Despite its limitations, the BLEU assessment method can be quite informative when the original text contains explicit textual information. For example, the Japanese 先生は嘘をついてますね。外国人にお金を使いたくないんですよ (‘The doctor is lying. She doesn’t want to spend money on foreigners’) was mistranslated by Google and MS Translator as ‘The teacher is lying. I don’t want to spend money on foreigners'. In this case, you need contextual information (a medical consultation) to translate the word sensei correctly as ‘doctor’ and to determine that it is she who does not want to spend money on the speaker. In contrast, the Spanish la doctora está mintiendo. Ella no quiere gastar dinero en los extranjeros explicitly states the profession of the subject of the first sentence (doctora), and the subject of the second sentence (ella). AI systems translated this Spanish segment correctly. In such circumstances, MT achieved very high BLEU scores and also a pass mark by the assessors.

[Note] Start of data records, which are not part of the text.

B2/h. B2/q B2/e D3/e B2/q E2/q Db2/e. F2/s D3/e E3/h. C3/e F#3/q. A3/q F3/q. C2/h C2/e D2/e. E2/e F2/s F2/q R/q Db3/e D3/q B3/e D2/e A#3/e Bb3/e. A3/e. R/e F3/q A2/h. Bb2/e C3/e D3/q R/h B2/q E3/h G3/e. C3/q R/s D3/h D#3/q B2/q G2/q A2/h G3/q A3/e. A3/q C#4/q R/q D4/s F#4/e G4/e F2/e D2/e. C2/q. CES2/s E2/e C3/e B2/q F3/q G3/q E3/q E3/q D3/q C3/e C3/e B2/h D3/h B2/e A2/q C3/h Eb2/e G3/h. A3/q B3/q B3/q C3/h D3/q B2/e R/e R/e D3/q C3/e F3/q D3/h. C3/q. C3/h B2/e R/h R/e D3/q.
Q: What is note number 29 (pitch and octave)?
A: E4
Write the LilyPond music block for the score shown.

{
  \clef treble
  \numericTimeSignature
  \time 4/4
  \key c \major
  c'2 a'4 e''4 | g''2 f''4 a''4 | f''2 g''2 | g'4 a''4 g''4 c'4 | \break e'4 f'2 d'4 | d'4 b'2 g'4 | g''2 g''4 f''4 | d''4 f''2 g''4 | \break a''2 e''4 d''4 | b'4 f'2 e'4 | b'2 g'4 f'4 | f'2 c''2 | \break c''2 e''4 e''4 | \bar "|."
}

With this in mind, BLEU scores could be used as a quick and cheap way to discriminate between good and bad translations. It can also be used to teach students about the difference between formal and functional equivalence. However, as effective interpreting relies on interpreters being able to presume, complement and supply contextual information, the BLEU score is not the best metric to report news from the battlefront between human and machine.


1 Awadalla, HH et al (2018) ‘Achieving Human Parity on Automatic Chinese to English News Translation’. Cornell University.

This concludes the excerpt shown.